━━ AVAILABLE DATA

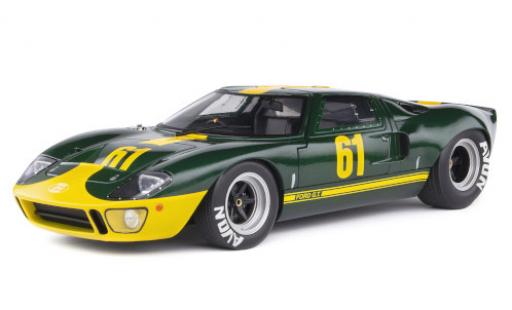 Miniature Ford GT40 1/18 Solido MkI metallise verte/jaune RHD No.61 1966 Ford GT40 1/18 Solido MkI metallise verte/jaune RHD No.61 1966 miniature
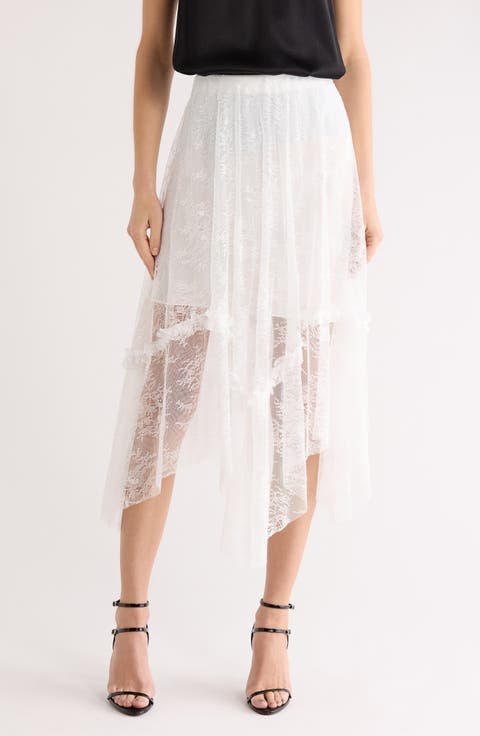 Josie Asymmetric Lace Skirt
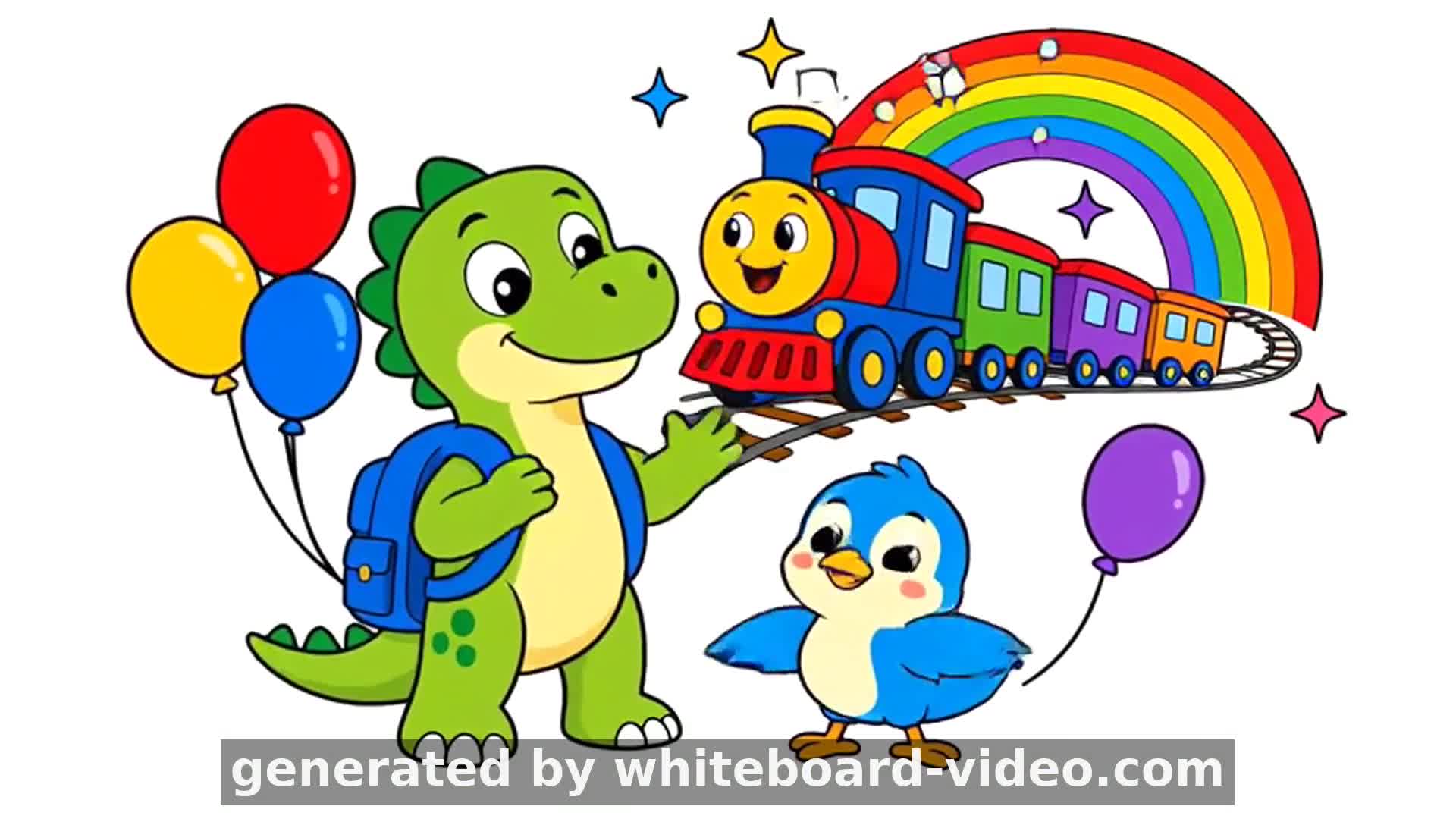 Little English Stars – Learn Colors with the Magic Train!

━━━━

* **TASK PROMPT**:
Please copy the data shown above precisely, leaving the images out.

* **TASK ANSWER**:
 Miniature Ford GT40 1/18 Solido MkI metallise verte/jaune RHD No.61 1966 Ford GT40 1/18 Solido MkI metallise verte/jaune RHD No.61 1966 miniature
 Josie Asymmetric Lace Skirt
 Little English Stars – Learn Colors with the Magic Train!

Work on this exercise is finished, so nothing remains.